**Input material**
—————

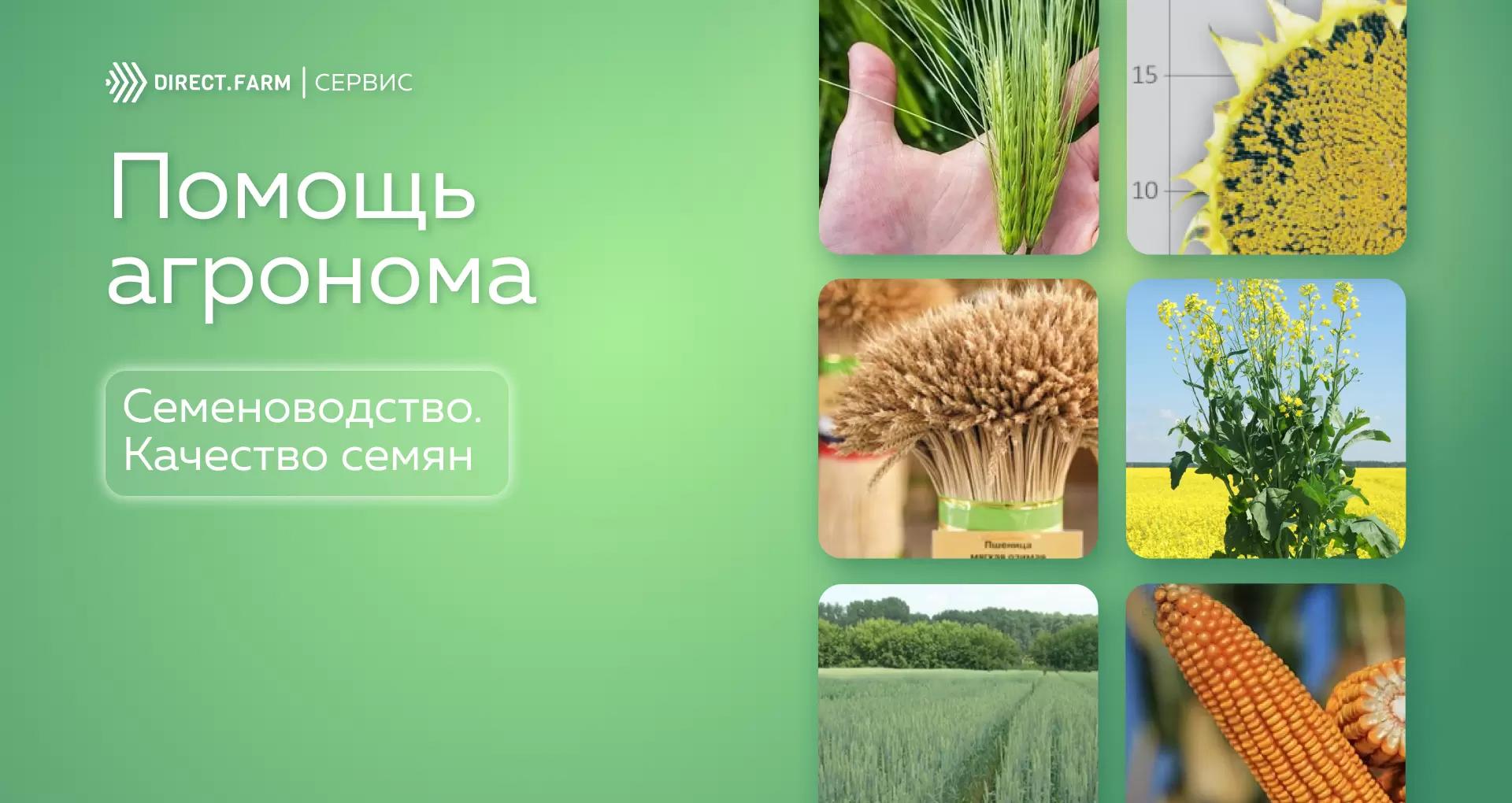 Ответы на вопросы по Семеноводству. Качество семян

—————

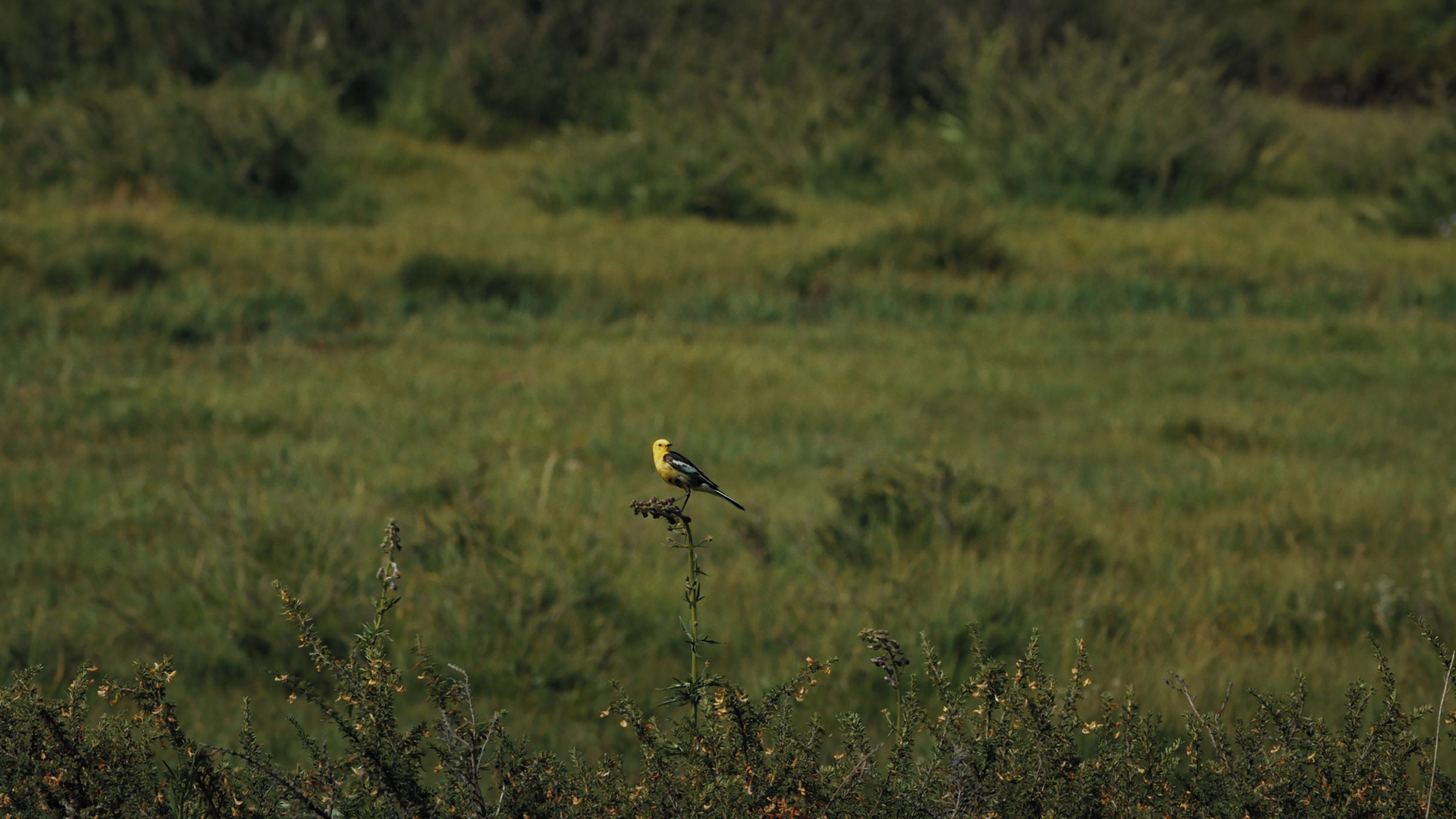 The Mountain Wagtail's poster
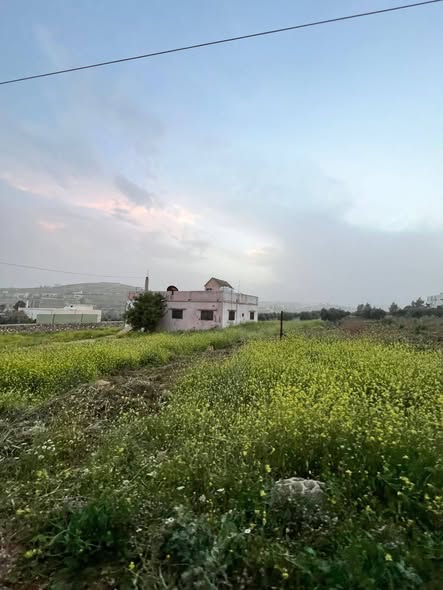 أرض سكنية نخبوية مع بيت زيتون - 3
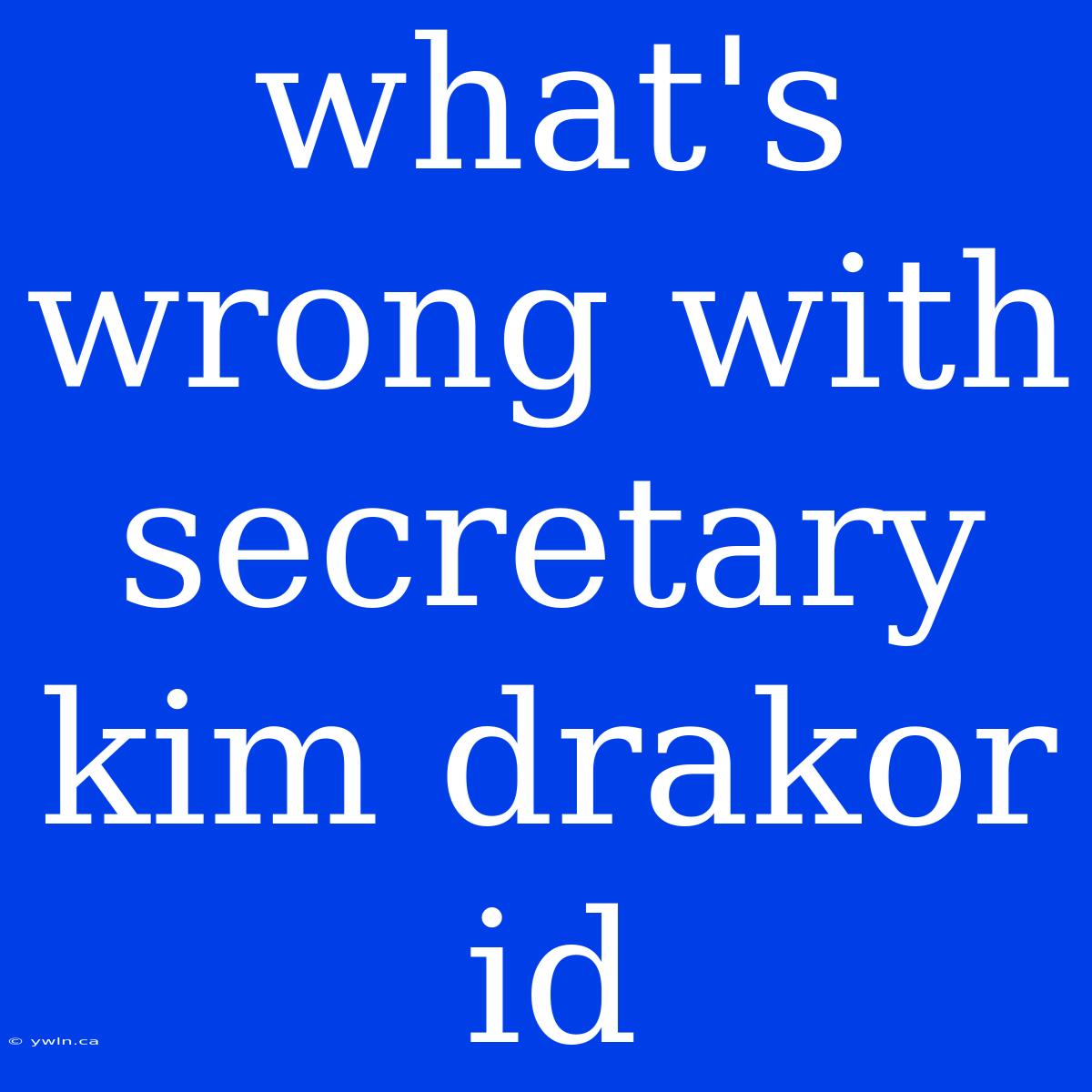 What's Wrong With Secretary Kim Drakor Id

—————

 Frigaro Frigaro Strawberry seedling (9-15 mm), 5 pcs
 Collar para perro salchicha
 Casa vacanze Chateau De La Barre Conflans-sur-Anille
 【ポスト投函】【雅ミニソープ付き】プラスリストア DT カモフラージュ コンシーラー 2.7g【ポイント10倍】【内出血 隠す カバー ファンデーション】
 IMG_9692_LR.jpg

—————

**What is being asked**
In the listing above, the lines from the one containing "隠す カバー ファンデーション】" through the one containing "IMG_9692_LR.jpg" must be set down exactly, with no other lines.

**Exercise answer**
 【ポスト投函】【雅ミニソープ付き】プラスリストア DT カモフラージュ コンシーラー 2.7g【ポイント10倍】【内出血 隠す カバー ファンデーション】
 IMG_9692_LR.jpg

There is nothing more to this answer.